There is limit to how much the grabberment can pry on our private parts. We need to censor the census. Why are we being asked to divulge such sensitive information at a time when this nation’s very survival is at stake?
Founding King Prithvi Naryan Shah the Great warned us about being wary of our two Big Brothers having us by our gonads. Indeed, the two big boulders are squeezing our yam. One Brother has occupied 363sq km of our turf, and the other Bro is up to some border hanky-panky in Humla.
As South Asia’s oldest nation state and youngest republic, we can never be too careful about our national security. Defending Nepal’s sovereignty and territorial integrity will be of paramount importance as we attain Middle Income Status, and get rich.
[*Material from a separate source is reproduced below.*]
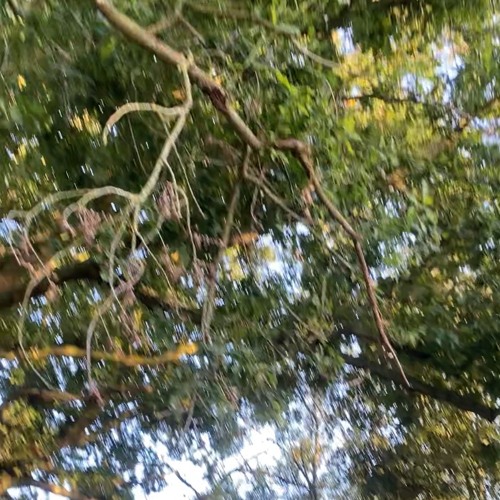 shelter (demo)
Luckily, we have terrain that protects us from the North. But the high mountains are not as impenetrable as they used to be. We must therefore get the tectonic forces that have been relentlessly pushing the Subcontinent against the Tibetan Plateau for the past 50 million years to work to our advantage, so that our border pillars surreptitiously move north at a velocity of 1cm/year.
Nepal’s southern border, on the other hand, was protected from invasions by our glorious mozzie army, which slayed aggressors by injecting them with the deadly malaria parasite. But since we foolishly eradicated malaria, that deterrent does not exist anymore.
Nepal’s military strategists therefore have to fall back on our second line of defence: the 1,500km East-West Moat. All we need to do is ask the Indians to construct more road embankments on their side to submerge the Tarai.
Future invading armies could use our highways, strategic bridges and other infrastructure to advance rapidly on Kathmandu. To thwart this, we are keeping our highways blocked by landslides, building such weak bridges that they collapse in the afternoon breeze, and ensuring the Nagdhunga incline and Daunne corridor are permanently gridlocked, to stop enemy tanks in their tracks.
But we cannot be complacent. The Mugling-Naryangad road and the Pokhara-Kusma highway have been unwisely widened to 6 lanes, allowing potential invaders rapid mobility.
If we are serious about defending Nepal, we need more roads like the one to Godavari which have such enormous craters that they will swallow armoured personnel carriers of our foes whole.
However, by far the greatest deterrent against any foreign invasion is our political leadership. Who in their right mind would ever want to conquer such an ungovernable country?